The apparent drawback of a separately excited DC generator is that we have a tendency to need an external DC supply for excitation. However ever since the output voltage could also be controlled a lot of simply and over a wide range (from zero to a maximum), this sort of excitation finds several applications.
Open Circuit Characteristic:
The open circuit characteristic of a separately excited generator is set during a manner delineated in the previous post. The fig shows the variation of generated e.m.f. on no load with field current for a number of constant speeds. Note that if the value of constant speed is increased, the abruptness of the curve additionally will increase. Once the curve current is zero, the residual magnetism within the poles can make to the little initial e.m.f. as shown in the fig.

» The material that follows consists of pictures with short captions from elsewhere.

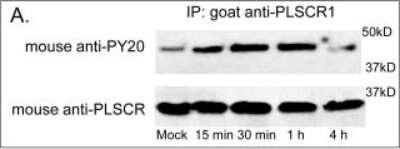 Western Blot: Phospholipid Scramblase 1/PLSCR1 Antibody [NBP1-32588]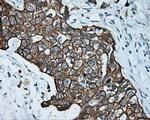 Serine racemase Antibody in Immunohistochemistry (Paraffin) (IHC (P))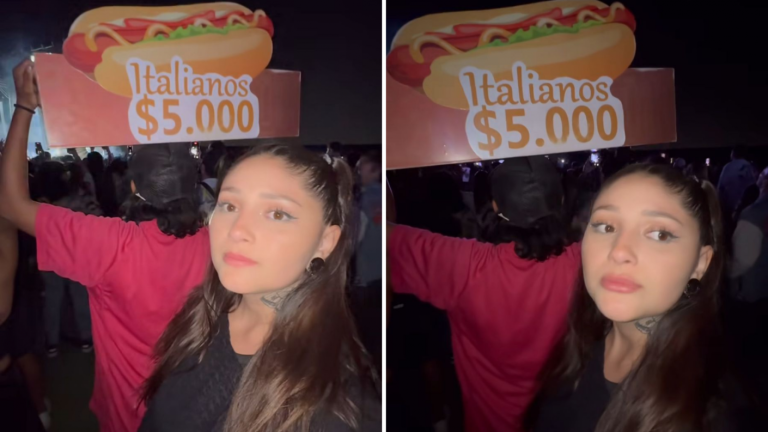 Con un canasto de completos: Vendedor tapó la visual de influencer en Lollapalooza 2024 y se hizo viral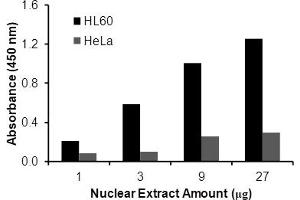 Transcription factor assay of NF-κB p52 from nuclear extracts of HL60 cells or HeLa cells with the NF-κBp52 TF Activity Assay.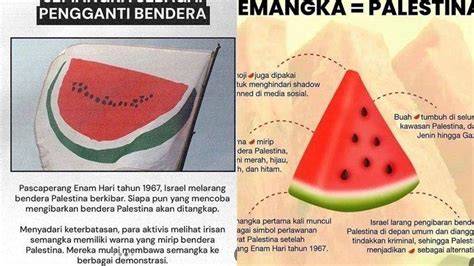 Sertifikat, penghargaan, tanda, atau dokumen yang dipajang di semangka viral Model jadi aktor Nikmati saat intim 323 cepat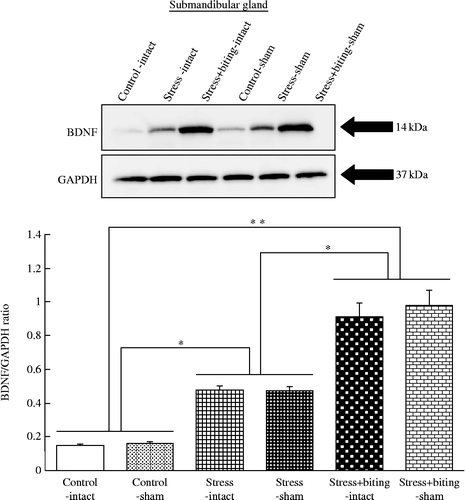 Figure 4.  Effects of stress and stress-biting on salivary gland BDNF expression. Upper panel: Western blot analysis of BDNF expression with equal amounts of protein from submandibular glands of control, stress, stress+biting, control-sham, stress-sham, and stress+biting-sham rats. Control: no stress group; stress: 2 h acute immobilization stress group; stress+biting: 2 h acute immobilization stress group allowed to bite a wooden stick (diameter, 0.5 cm) during the latter half of the immobilization period (60 min); intact: no surgery; sham: sham SA. Blots for BDNF show that level of this protein is increased in the submandibular glands of rats subjected to stress and is more strongly increased in the submandibular glands of rats subjected to stress+biting. BDNF protein level is also increased in the submandibular glands of stress-sham rats and more strongly increased in the submandibular glands of stress+biting-sham rats. GAPDH expression is similar in control, stress, stress+biting, control-sham, stress-sham, and stress+biting-sham rats. Lower panel: Semi-quantitative analysis of western blots by densitometry. The intensities of BDNF bands were normalized with respect to the intensities of GAPDH bands detected on the same blots. Values are means ± SEM; n = 8 rats in each group. *p < 0.05, **p < 0.001, ANOVA/Tukey's.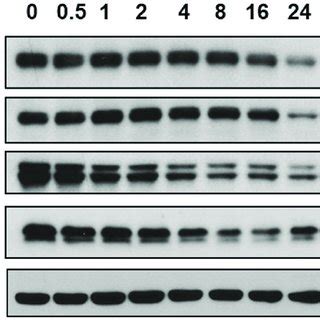 Niclosamide Treatment Reduces U 87 MG Cell Viability U 87 MG Cells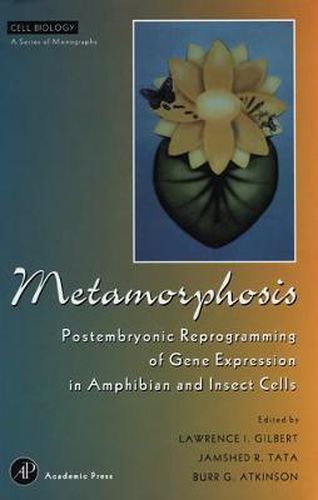 Cover image for Metamorphosis: Postembryonic Reprogramming of Gene Expression in Amphibian and Insect Cells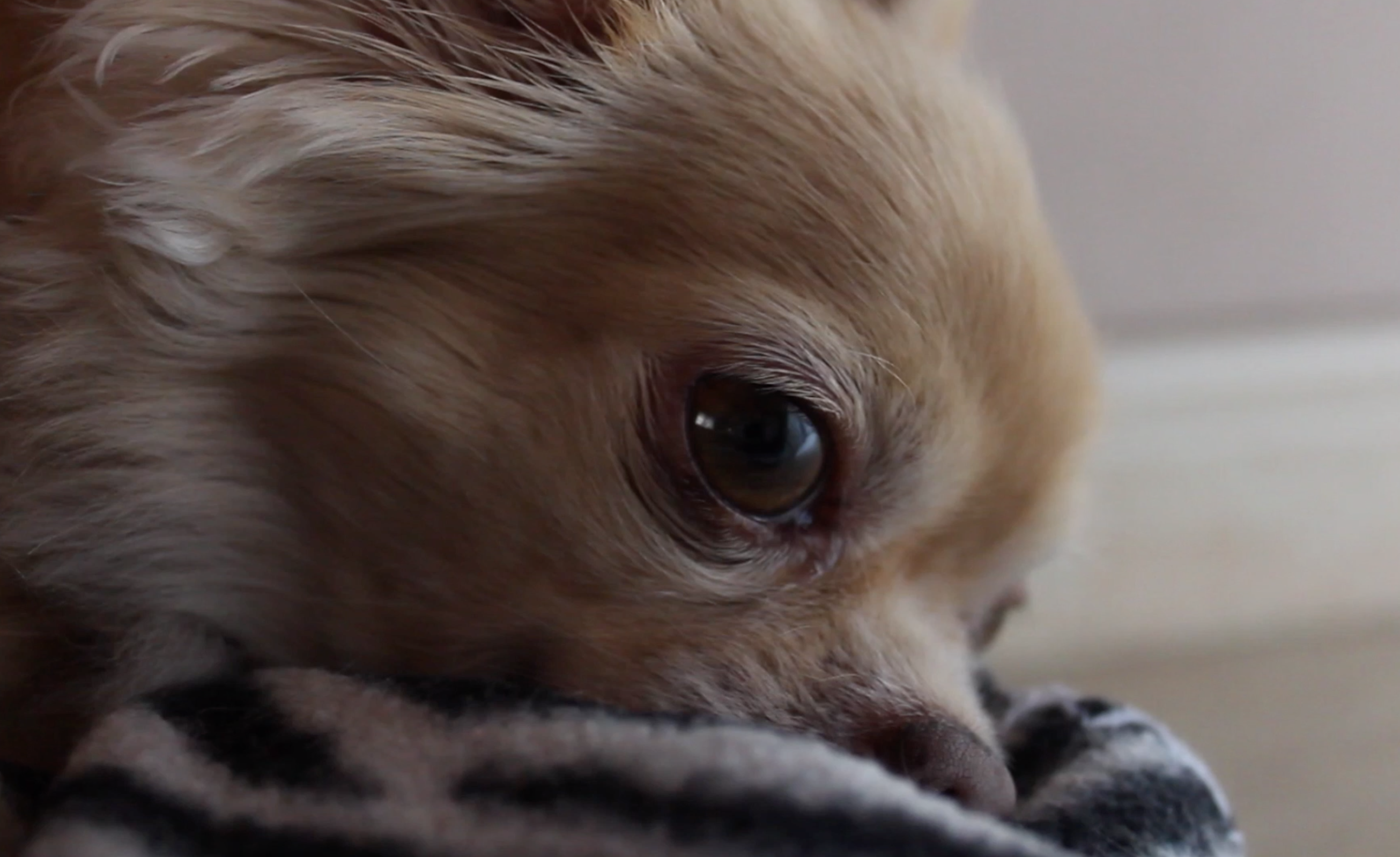 VÍDEO | Com cuidar el teu gos durant el confinament pel coronavirus?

Internal and External Characteristic:
In order to determine the external characteristic curve of a separately excited generator, then the curve is drawn between the terminal voltage (V) and the load current IL which is shown in the fig.
Due to the load current will increase, the terminal voltage falls due to the following reasons:
(a) The armature reaction weakens the main flux. Hence the actual e.m.f. generated E on load is a smaller amount than that generated (E0) on no load.
(b) There's voltage drop across armature resistance (ILRa = IaRa).
Because of this reasons, the external characteristic could be a drooping curve which is also shown in the fig. Note that within the absence of armature reaction and armature drop, the generated e.m.f. would are E0.
By adding ILRa drop to the external characteristic the internal characteristic will be determined. It’s as a result of armature reaction drop is built-in within the external characteristic. Curve 2 is that the internal characteristic of the generator and will clearly lie on top of the external characteristic.